Use Tags with Service Level Objectives

10 minutes

We can now use the created Monitoring MetricSet together with Service Level Objectives a similar way we used them with dashboards and detectors/alerts before. For that we want to be clear about some key concepts:

Key Concepts of Service Level Monitoring

(skip if you know this)

Concept	Definition	Examples
Service level indicator (SLI)	An SLI is a quantitative measurement showing some health of a service, expressed as a metric or combination of metrics.	Availability SLI: Proportion of requests that resulted in a successful response Performance SLI: Proportion of requests that loaded in < 100 ms
Service level objective (SLO)	An SLO defines a target for an SLI and a compliance period over which that target must be met. An SLO contains 3 elements: an SLI, a target, and a compliance period. Compliance periods can be calendar, such as monthly, or rolling, such as past 30 days.	Availability SLI over a calendar period: Our service must respond successfully to 95% of requests in a month Performance SLI over a rolling period: Our service must respond to 99% of requests in < 100 ms over a 7-day period
Service level agreement (SLA)	An SLA is a contractual agreement that indicates service levels your users can expect from your organization. If an SLA is not met, there can be financial consequences.	A customer service SLA indicates that 90% of support requests received on a normal support day must have a response within 6 hours.
Error budget	A measurement of how your SLI performs relative to your SLO over a period of time. Error budget measures the difference between actual and desired performance. It determines how unreliable your service might be during this period and serves as a signal when you need to take corrective action.	Our service can respond to 1% of requests in >100 ms over a 7 day period.
Burn rate	A unitless measurement of how quickly a service consumes the error budget during the compliance window of the SLO. Burn rate makes the SLO and error budget actionable, showing service owners when a current incident is serious enough to page an on-call responder.	For an SLO with a 30-day compliance window, a constant burn rate of 1 means your error budget is used up in exactly 30 days.

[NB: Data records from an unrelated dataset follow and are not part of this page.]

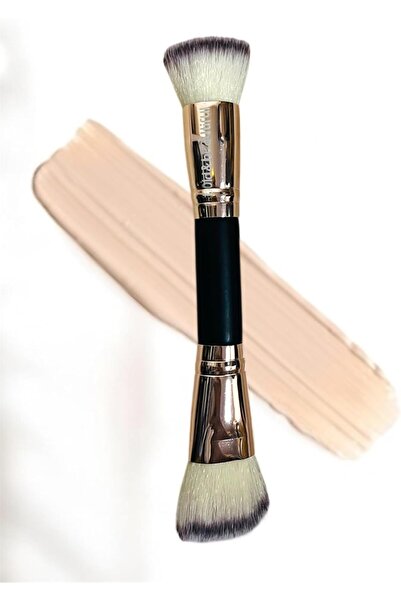 Generic Double-Ended Makeup Brush - Angled & Round Contour (Black)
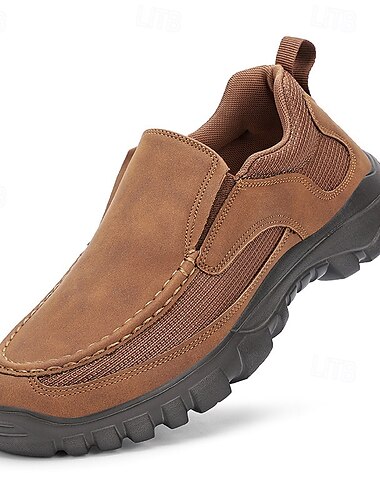  menns slip-on utendørs sko i semsket skinn – pustende lett design med sklisikker såle for fotturer, reiser og fritidsklær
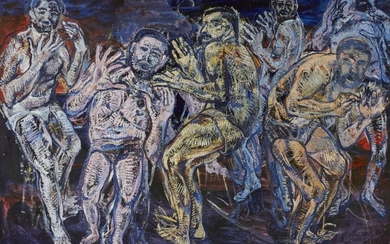 Fred Yates, British 1922-2008 - Vietnam; oil on board, bears inscriptions to the reverse, 122 x 182.9 cm (ARR) Exhibited: Royal Academy Exhibition, 1967 (according to the label attached to the reverse)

Creating a new Service Level Objective

There is an easy to follow wizard to create a new Service Level Objective (SLO). In the left navigation just follow the link “Detectors & SLOs”. From there select the third tab “SLOs” and click the blue button to the right that says “Create SLO”.

The wizard guides you through some easy steps. And if everything during the previous steps worked out, you will have no problems here. ;)

In our case we want to use Service & endpoint as our Metric type instead of Custom metric. We filter the Environment down to the environment that we are using during this workshop (i.e. tagging-workshop-yourname) and select the creditcheckservice from the Service and endpoint list. Our Indicator type for this workshop will be Request latency and not Request success.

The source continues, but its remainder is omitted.